Stored entries
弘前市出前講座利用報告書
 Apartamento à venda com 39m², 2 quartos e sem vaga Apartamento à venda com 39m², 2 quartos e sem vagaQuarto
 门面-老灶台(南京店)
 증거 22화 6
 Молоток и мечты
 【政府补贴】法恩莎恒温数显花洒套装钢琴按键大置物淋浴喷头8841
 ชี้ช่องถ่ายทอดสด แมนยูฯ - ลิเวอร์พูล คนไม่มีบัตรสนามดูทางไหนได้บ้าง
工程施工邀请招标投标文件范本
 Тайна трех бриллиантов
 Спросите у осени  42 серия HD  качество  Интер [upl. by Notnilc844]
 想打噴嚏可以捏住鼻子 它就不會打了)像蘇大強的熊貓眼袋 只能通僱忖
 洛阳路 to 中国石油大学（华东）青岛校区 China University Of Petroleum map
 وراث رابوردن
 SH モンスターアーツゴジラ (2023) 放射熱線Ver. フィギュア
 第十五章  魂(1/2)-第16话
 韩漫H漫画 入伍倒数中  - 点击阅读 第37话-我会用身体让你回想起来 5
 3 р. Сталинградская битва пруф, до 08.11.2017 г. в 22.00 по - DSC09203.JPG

» **Task directions**
Give every record again, exactly as it appears.

» **Result of the task**
弘前市出前講座利用報告書
 Apartamento à venda com 39m², 2 quartos e sem vaga Apartamento à venda com 39m², 2 quartos e sem vagaQuarto
 门面-老灶台(南京店)
 증거 22화 6
 Молоток и мечты
 【政府补贴】法恩莎恒温数显花洒套装钢琴按键大置物淋浴喷头8841
 ชี้ช่องถ่ายทอดสด แมนยูฯ - ลิเวอร์พูล คนไม่มีบัตรสนามดูทางไหนได้บ้าง
工程施工邀请招标投标文件范本
 Тайна трех бриллиантов
 Спросите у осени  42 серия HD  качество  Интер [upl. by Notnilc844]
 想打噴嚏可以捏住鼻子 它就不會打了)像蘇大強的熊貓眼袋 只能通僱忖
 洛阳路 to 中国石油大学（华东）青岛校区 China University Of Petroleum map
 وراث رابوردن
 SH モンスターアーツゴジラ (2023) 放射熱線Ver. フィギュア
 第十五章  魂(1/2)-第16话
 韩漫H漫画 入伍倒数中  - 点击阅读 第37话-我会用身体让你回想起来 5
 3 р. Сталинградская битва пруф, до 08.11.2017 г. в 22.00 по - DSC09203.JPG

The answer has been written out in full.